## Work required
Copy out the data below as written; omit any images.

## Information provided
Start of Block
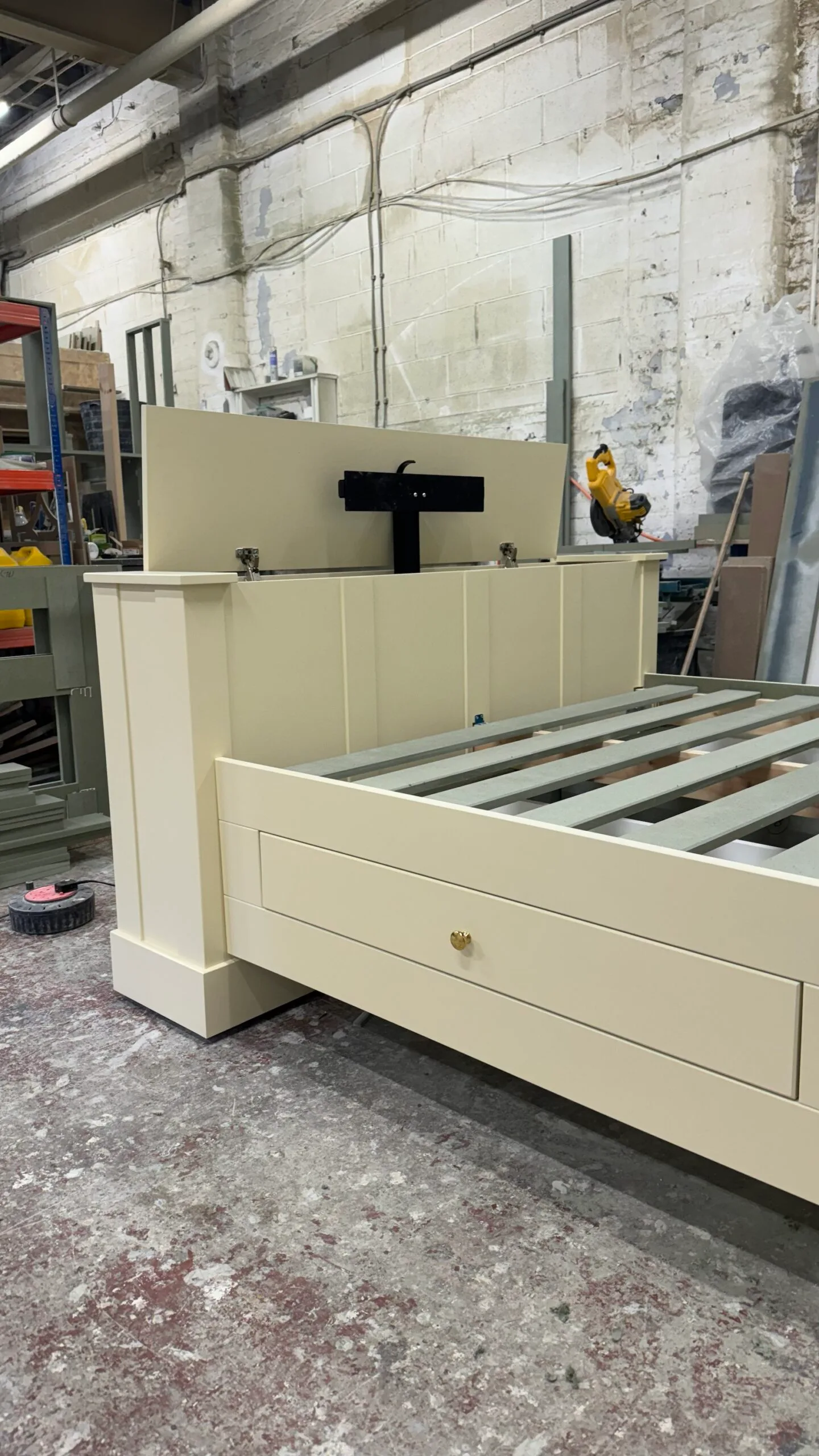 Bespoke Wooden Motorised TV Bed, Cream
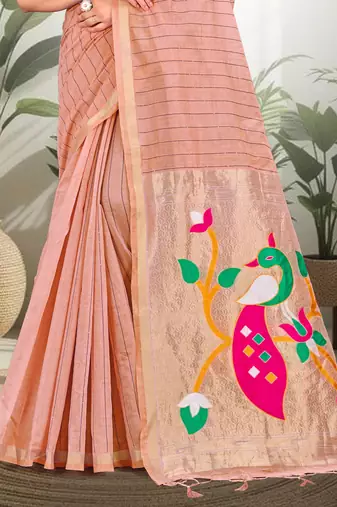 peach woven cotton saree with blouse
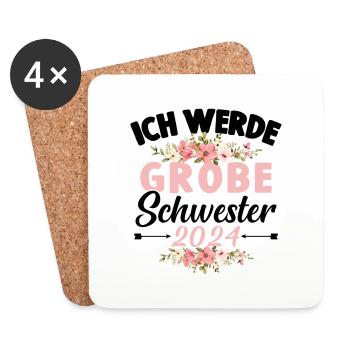 Große Schwester 2024 Baby Schwangerschaft Kind - Untersetzer (4er-Set) - Weiß - Vorne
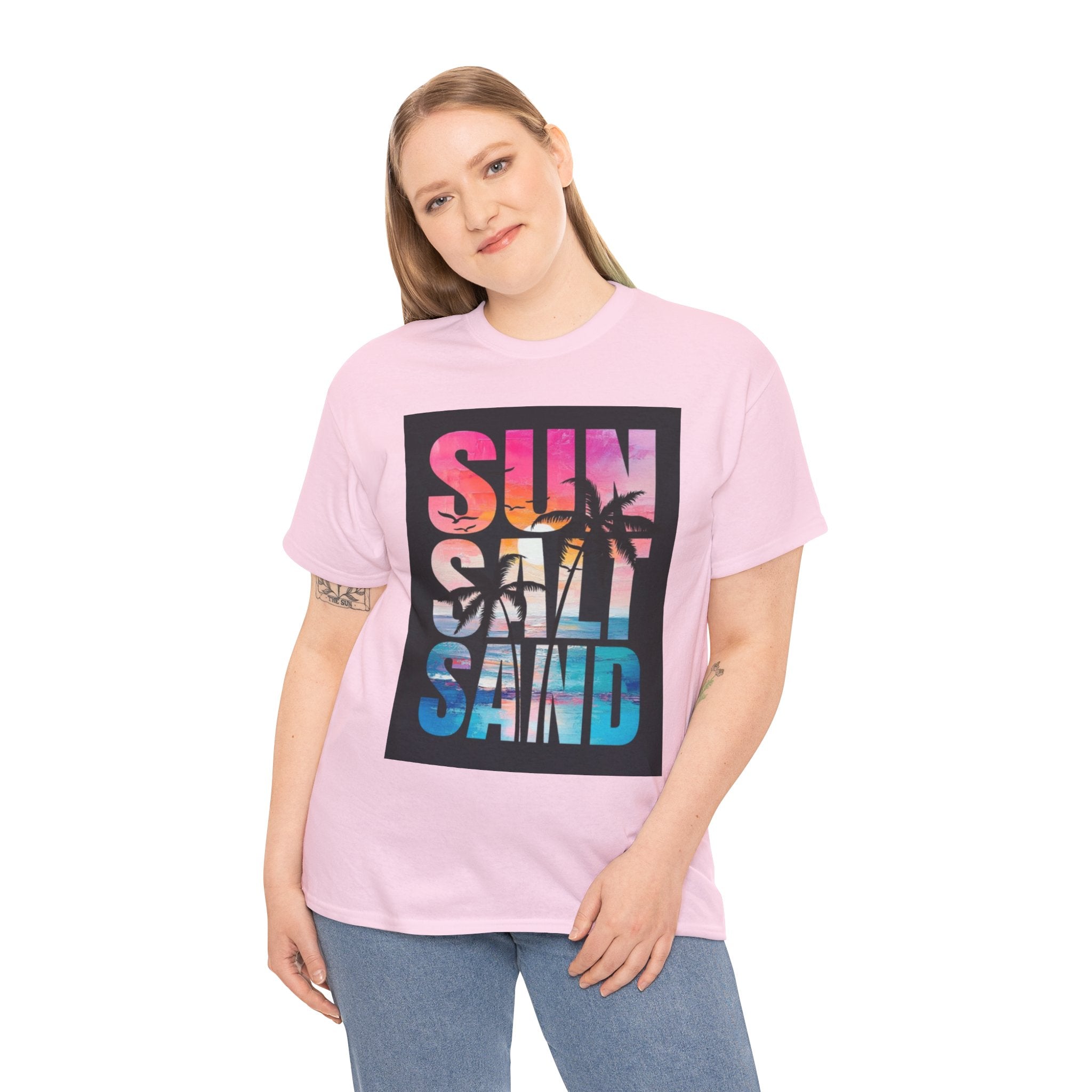 Sun Salt Sand Beach T-Shirt — Tropical Palm Sunset Graphic Tee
End of Block
## Exercise output
 Bespoke Wooden Motorised TV Bed, Cream
 peach woven cotton saree with blouse
 Große Schwester 2024 Baby Schwangerschaft Kind - Untersetzer (4er-Set) - Weiß - Vorne
 Sun Salt Sand Beach T-Shirt — Tropical Palm Sunset Graphic Tee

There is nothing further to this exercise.